### Exercise data
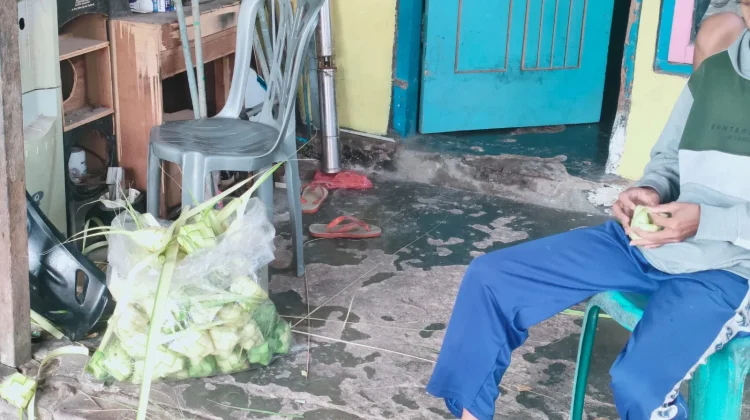 Perajin Kulit Ketupat Banjir Pesanan jelang Idul Fitri
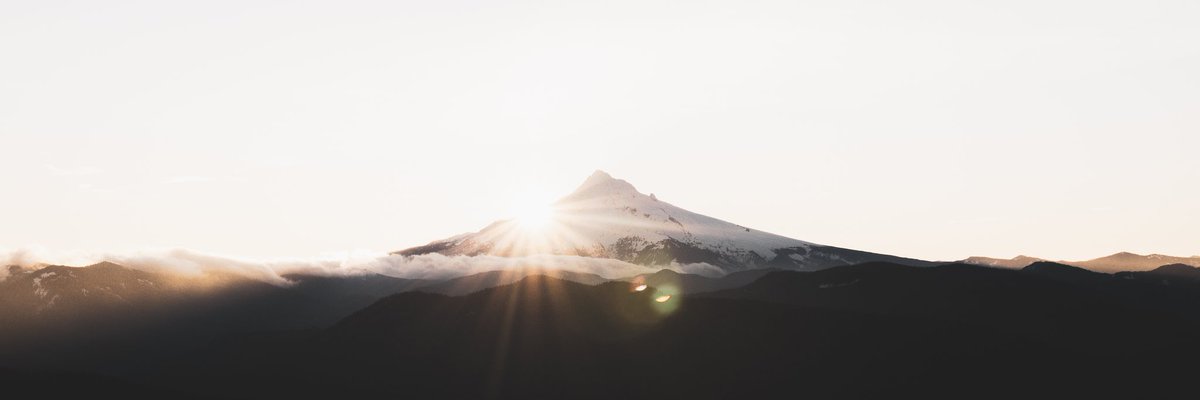 bluemeltaylor's tweet photo. Hiking in the AM to catch sunrise over Hood. #pdx #hiking #getoutside https://t.co/R0duNTKQPa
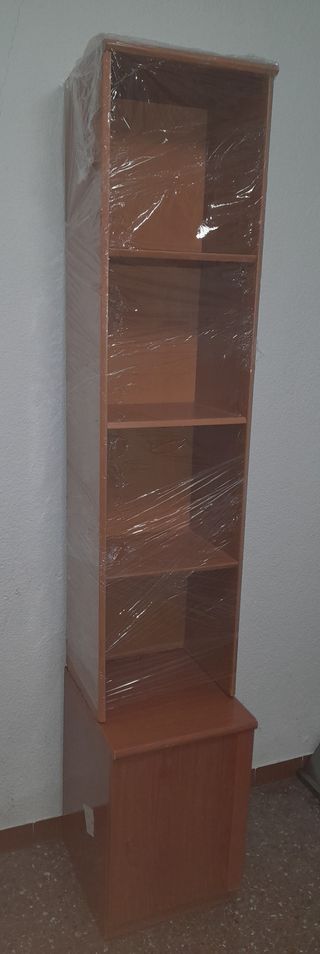 Estantería estrecha de madera en color marrón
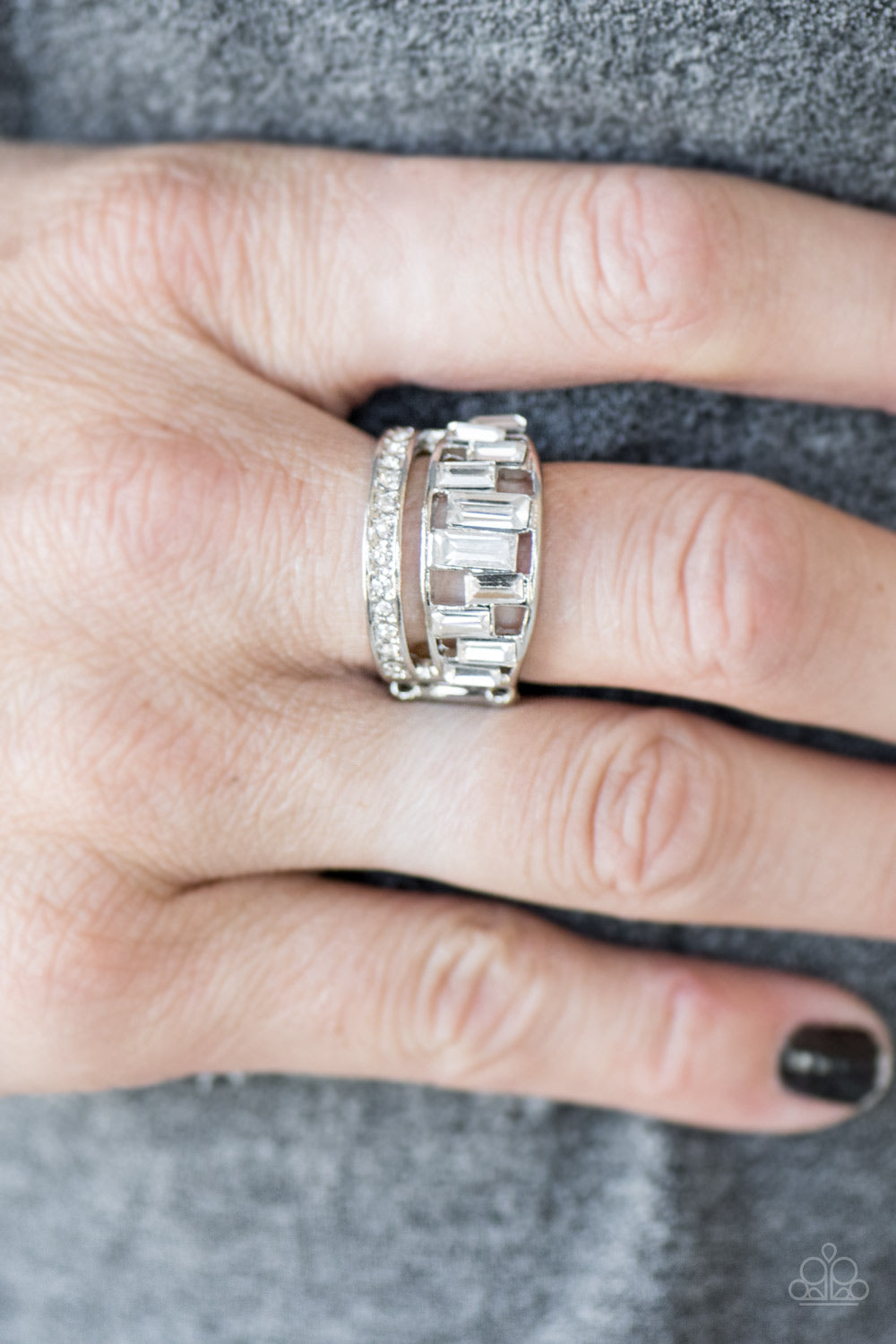 Paparazzi ♥ The Treasure Trove - White ♥  Ring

### Assignment
Retype each line above exactly. Leave the images out.

### Task solution
 Perajin Kulit Ketupat Banjir Pesanan jelang Idul Fitri
 bluemeltaylor's tweet photo. Hiking in the AM to catch sunrise over Hood. #pdx #hiking #getoutside https://t.co/R0duNTKQPa
 Estantería estrecha de madera en color marrón
 Paparazzi ♥ The Treasure Trove - White ♥  Ring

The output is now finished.